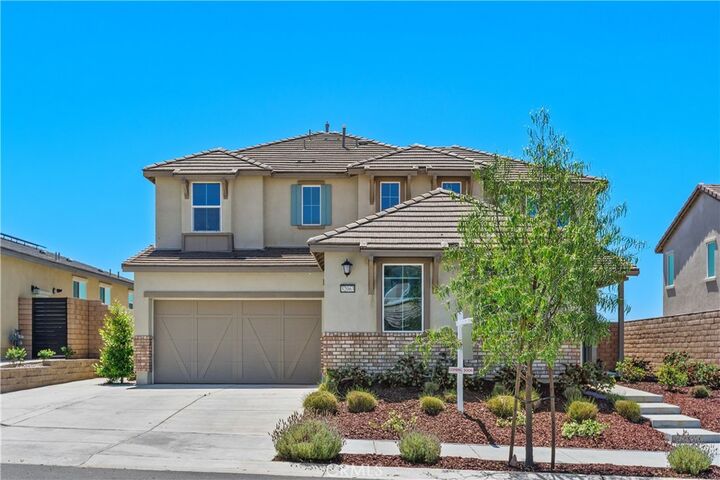 Property Photo:  32063 Dayspring Way  CA 92591 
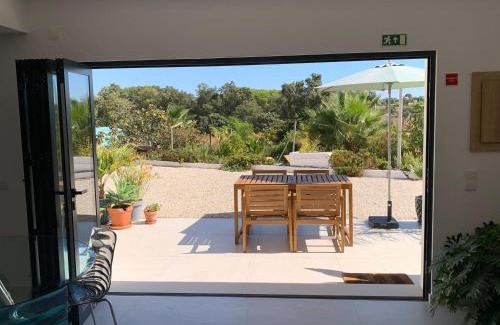 Lagoa e Carvoeiro Apartamento | A Tranquil Garden Apartment, Carvoeiro - Benagil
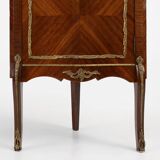 Vitrine d'angle de style Louis XV avec vitre cintrée, vers 1950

What the task requires:
Give an exact copy of the listing above that leaves out every picture.

Your response:
 Property Photo:  32063 Dayspring Way  CA 92591 
 Lagoa e Carvoeiro Apartamento | A Tranquil Garden Apartment, Carvoeiro - Benagil
 Vitrine d'angle de style Louis XV avec vitre cintrée, vers 1950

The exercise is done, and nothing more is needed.